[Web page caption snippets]
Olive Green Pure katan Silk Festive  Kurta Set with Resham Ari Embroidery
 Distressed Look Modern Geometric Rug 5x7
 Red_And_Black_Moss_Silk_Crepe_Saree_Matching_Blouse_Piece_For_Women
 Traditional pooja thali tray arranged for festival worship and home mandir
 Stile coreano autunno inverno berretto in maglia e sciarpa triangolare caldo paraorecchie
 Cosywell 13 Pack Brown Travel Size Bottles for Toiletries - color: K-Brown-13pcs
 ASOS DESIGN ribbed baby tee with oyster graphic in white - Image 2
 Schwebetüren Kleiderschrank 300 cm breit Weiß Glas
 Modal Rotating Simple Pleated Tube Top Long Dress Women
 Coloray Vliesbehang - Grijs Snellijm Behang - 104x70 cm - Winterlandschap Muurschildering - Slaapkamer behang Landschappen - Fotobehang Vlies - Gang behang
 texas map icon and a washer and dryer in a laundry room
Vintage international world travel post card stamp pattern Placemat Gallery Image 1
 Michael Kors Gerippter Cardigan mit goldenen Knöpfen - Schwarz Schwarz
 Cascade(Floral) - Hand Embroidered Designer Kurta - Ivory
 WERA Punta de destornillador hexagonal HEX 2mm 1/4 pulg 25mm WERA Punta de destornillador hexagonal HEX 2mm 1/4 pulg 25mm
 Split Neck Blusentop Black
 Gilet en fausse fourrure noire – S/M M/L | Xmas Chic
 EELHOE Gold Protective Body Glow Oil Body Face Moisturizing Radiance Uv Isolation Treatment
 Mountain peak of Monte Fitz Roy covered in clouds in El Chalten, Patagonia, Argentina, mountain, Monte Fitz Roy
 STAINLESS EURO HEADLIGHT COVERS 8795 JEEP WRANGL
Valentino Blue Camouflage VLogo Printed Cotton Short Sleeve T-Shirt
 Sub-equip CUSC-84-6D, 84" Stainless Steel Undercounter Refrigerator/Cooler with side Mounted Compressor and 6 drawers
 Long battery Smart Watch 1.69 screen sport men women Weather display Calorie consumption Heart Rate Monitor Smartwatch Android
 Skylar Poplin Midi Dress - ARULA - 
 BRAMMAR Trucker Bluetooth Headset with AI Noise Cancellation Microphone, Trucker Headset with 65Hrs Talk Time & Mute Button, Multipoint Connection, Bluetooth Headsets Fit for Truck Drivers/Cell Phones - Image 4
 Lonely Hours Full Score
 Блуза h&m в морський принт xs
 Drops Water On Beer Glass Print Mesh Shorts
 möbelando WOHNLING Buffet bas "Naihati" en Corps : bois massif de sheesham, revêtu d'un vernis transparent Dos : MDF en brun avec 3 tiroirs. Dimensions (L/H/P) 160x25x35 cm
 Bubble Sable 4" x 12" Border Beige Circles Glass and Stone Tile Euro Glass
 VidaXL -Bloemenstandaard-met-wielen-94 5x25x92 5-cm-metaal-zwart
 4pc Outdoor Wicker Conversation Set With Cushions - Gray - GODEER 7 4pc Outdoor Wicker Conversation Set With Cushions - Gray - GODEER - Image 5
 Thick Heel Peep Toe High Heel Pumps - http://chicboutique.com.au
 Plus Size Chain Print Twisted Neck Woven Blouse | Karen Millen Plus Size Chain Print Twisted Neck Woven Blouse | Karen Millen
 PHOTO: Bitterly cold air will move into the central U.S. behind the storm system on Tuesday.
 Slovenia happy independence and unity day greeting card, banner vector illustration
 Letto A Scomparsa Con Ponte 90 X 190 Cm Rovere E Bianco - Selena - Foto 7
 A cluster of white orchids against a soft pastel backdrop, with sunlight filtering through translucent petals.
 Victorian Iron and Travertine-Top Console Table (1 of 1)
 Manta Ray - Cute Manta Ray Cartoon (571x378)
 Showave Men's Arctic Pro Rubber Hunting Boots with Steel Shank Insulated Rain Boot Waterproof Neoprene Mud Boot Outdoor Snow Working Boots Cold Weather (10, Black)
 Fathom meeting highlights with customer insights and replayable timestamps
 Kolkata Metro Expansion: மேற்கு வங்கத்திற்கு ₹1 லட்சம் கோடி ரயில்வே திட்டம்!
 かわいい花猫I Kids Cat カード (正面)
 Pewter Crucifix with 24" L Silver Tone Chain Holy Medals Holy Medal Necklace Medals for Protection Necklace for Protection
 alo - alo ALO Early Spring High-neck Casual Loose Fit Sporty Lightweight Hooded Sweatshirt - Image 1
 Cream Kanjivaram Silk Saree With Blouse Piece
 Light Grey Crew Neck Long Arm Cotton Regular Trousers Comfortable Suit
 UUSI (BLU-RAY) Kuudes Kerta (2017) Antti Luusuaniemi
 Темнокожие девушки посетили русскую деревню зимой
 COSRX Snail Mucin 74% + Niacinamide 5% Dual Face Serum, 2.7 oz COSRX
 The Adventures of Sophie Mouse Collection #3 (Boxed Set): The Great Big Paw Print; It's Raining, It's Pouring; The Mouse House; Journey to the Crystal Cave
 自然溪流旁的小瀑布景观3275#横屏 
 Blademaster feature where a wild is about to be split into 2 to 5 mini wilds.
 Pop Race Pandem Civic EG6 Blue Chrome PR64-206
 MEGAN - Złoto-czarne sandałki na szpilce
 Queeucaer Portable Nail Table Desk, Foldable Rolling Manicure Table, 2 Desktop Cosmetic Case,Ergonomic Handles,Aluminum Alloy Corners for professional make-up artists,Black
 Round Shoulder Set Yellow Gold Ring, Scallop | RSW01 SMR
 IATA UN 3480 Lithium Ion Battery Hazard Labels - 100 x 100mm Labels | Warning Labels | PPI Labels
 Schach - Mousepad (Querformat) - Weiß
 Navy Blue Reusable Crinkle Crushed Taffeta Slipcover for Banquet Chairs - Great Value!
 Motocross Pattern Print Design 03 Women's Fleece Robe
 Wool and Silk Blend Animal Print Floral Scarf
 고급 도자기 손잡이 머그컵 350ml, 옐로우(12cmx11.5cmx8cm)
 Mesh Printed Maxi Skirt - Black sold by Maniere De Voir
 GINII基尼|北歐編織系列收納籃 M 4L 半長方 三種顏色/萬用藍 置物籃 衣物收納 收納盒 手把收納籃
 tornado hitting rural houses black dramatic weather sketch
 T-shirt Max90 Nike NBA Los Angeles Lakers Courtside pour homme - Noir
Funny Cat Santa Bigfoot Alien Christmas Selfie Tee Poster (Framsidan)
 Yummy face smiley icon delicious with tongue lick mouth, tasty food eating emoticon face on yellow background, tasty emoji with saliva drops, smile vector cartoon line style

§ What you should do: Copy the records above exactly, beginning at the line that contains "Stile coreano autunno" and stopping after the line that contains "Vintage international world".

§ Answer to this problem:
 Stile coreano autunno inverno berretto in maglia e sciarpa triangolare caldo paraorecchie
 Cosywell 13 Pack Brown Travel Size Bottles for Toiletries - color: K-Brown-13pcs
 ASOS DESIGN ribbed baby tee with oyster graphic in white - Image 2
 Schwebetüren Kleiderschrank 300 cm breit Weiß Glas
 Modal Rotating Simple Pleated Tube Top Long Dress Women
 Coloray Vliesbehang - Grijs Snellijm Behang - 104x70 cm - Winterlandschap Muurschildering - Slaapkamer behang Landschappen - Fotobehang Vlies - Gang behang
 texas map icon and a washer and dryer in a laundry room
Vintage international world travel post card stamp pattern Placemat Gallery Image 1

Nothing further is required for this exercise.